Поэтический текст Тредиаковского далеко не всегда «понятнее» метафизической программы и далеко не всегда удачнее воплощает кратко сформулированный тезис. Видно, что он «подстроен» под метафизику, а потому выглядит каким-то несамостоятельным, «переводным». В этом смысле знаменитое переложение «с французския нестихотворныя речи» «Похождений Телемака» Фенелона, которого Тредиаковский передал стихами гораздо органичнее.

Вот, например, как доказывается бессмертие души в метафизической программе:

«…Понеже тело умирает, а сопряженная с ним душа, как не имеющая частей, не может на части разрешиться, то следует, что душа есть бессмертна…»

И в поэтическом выражении:

Бессмертна и душа от Бога нам поданна;
Она по естеству бессмертного созданна;

В духовном существе частей делимых нет,
Решиться б ей на те и погубить свой след;
Телесна смерть тела решит на многи части,
Так умирают те от таковой напасти;
Простое, как душа, есть без частей родство,
Бессмертно есть затем душевно существо.

Сочинение Тредиаковского представляет собой фактически философский трактат, ибо поставленную задачу — «философствовать стихами» — он, на наш взгляд, не выполнил. Рассуждения о Боге не столько поэтизированы им, сколько зарифмованы. Поэтому вместо выяснения дополнительных метафорических смыслов он, стесненный избранной им формой, лишил себя возможности обстоятельного и неторопливого рассуждения.

Вероятно обращение к поэзии или прозе не является произвольным, каким оно представлялось Тредиаковскому.

Поясняя свой перевод «Поэтического искусства» Н. Буало (1752), Тредиаковский заявлял, что выбор прозаической или стихотворной формы зависит исключительно от его выбора:

Что ж до меня, французскую Боало-Депреову «Науку», как большей части читателей известнейшую, составил и я нашими стихами; а для показания всем, что Боало-Депрео все на-все взял из Горациевы, не оставиля и сея и положил ее после, но токмо прозою. Довольно стихов для чтения и в четырех песнях Боаловых, но в различение тоя ж самыя материи, рассудил я, что одно которое-нибудь из сих сочинений лучше представить прозою.

Пал жребий судом моим, чтоб Горациевой эпистоле быть свободным, а Боаловой «Науке» заключенным словом и предшествовать. Причина сему не убежание от трудности, коя в обоем случае велика, но токмо мое произволение: могла и Горациева также быть составлена стихами, могли и обе предложиться прозою.

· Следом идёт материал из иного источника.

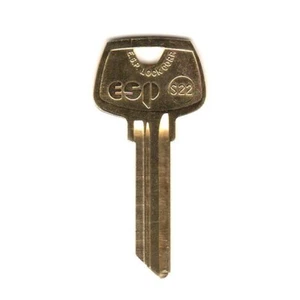 Lot of 10 S22 LA Esp 1007LA Key Blanks LA Keyway 6 Pin Sargent - Picture 1 of 1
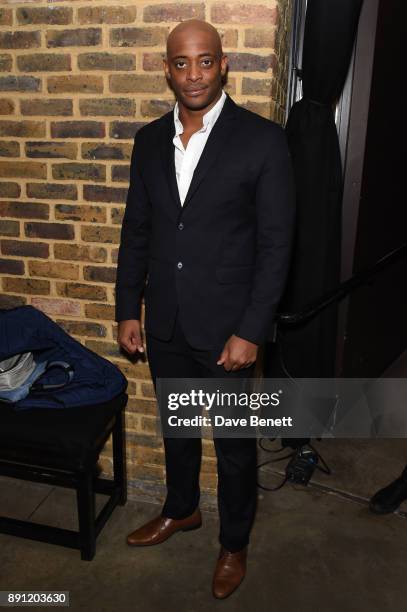 Oliver Alvin-Wilson attends the press night after party for "The Twilight Zone" at The Almeida Theatre on December 12, 2017 in London, England.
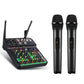 New Product Professional Portable Mini 4 Channel Karaoke Audio Mixer MC-20H with 2 UHF Wireless Microphone DJ Audio Console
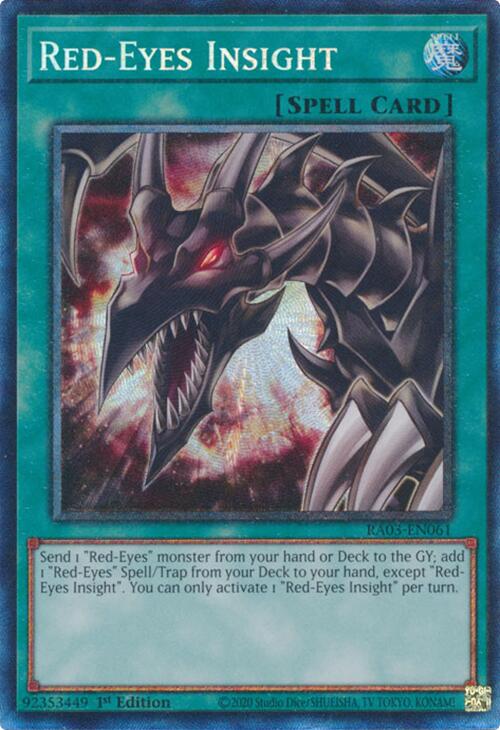 Red-Eyes Insight (CR) [RA03-EN061] Collector's Rare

Тредиаковский считает себя вправе не только менять местами стихи и прозу. Он вычеркивает из перечня героев Людовика XIV, о котором пишет Буало и вставляет на его место Петра Великого, поясняя: В подлиннике стоит Лудовик. Я пременил на Петра Великого не для того, что он наш был самодержец, как то и Лудовик XIV — государь же автору, французского народа человеку; но для сего, что наш Петр Великий был герой в сем больше Лудовика XIV, по мнению и чужестранных народов.